Web Application#
As stated earlier topicwizard is easiest to use with the default visualization dashboard that comes with it, as this provides a general and interactive overview of the topic models you wish to interpret.
For this example let’s train a Non-negative Matrix Factorization model over a corpus of texts we have.
# Training a compatible topic model
from sklearn.decomposition import NMF
from sklearn.feature_extraction.text import CountVectorizer
from topicwizard.pipeline import make_topic_pipeline
bow_vectorizer = CountVectorizer()
nmf = NMF(n_components=10)
pipeline = make_topic_pipeline(bow_vectorizer, nmf)
pipeline.fit(texts)
Once you have trained a topic model, like NMF, interpreting the model in topicwizard is as trivial as starting the web application with the visualize() function.
import topicwizard
topicwizard.visualize(texts, model=pipeline)
topicwizard can take Classical Topic Models, Contextually Sensitive Models along with a corpus, or a TopicData object.
from turftopic import SemanticSignalSeparation
model = SemanticSignalSeparation(n_components=10)
topicwizard.visualize(texts, model=model)
## OR
topic_data = model.prepare_topic_data(texts)
topicwizard.visualize(topic_data=topic_data)
Pages#
This will open a web app in a new browser tab with three pages, one for topics, one for words and one for documents, where you can investigate the intricate relations of these in an interactive fashion.
Note
To understand how the plots at the pages are generated, hover over the question mark in the lower left corner.
Topics#
The first page of the webapp is a general overview of the topics in the model.
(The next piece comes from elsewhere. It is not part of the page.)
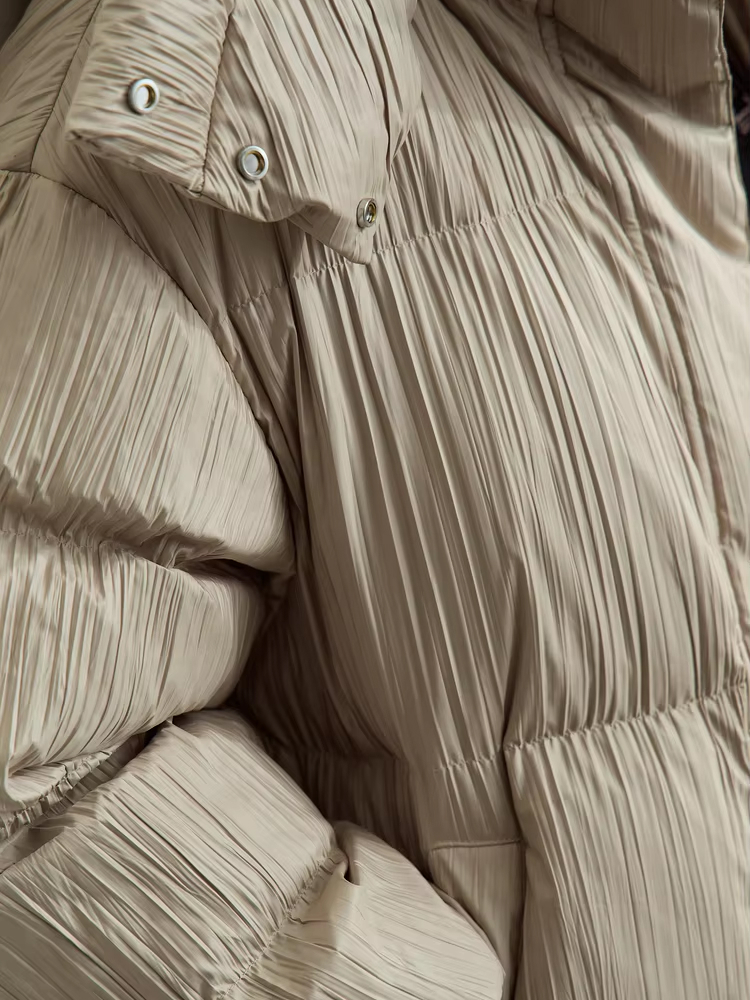 Minimalist Women's Winter Down Jacket with Detachable Hood & Pleated Texture - Image 6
On the left you can see a topic map, on which you can click on topics to investigate them and see word importances in the given topics on bar charts and wordclouds.
Words#
The Words pages displays words’ semantic relations to each other and topics. You have access to a semantic map over word representations in the topics models and a bar chart displaying topic importances for selected words and their closest associations.
Documents#
On this page you will see a map of document representations, along with utilities for exploring a given document’s content by looking topical content overall and over time in the document.
You can also search for specific documents that you might have special interest in.
Note
With large corpora this page is by far the slowest to start up, as such I would recommend that you disable it unless you have special interest in the individual documents in your corpus. This is because document representations are high-dimensional and there is usually a lot of documents, calculating 2D UMAP projections for such data is slow and tedious.
Groups (optional)#
If you have gold standard group labels for your corpus, these can be passed to the web application.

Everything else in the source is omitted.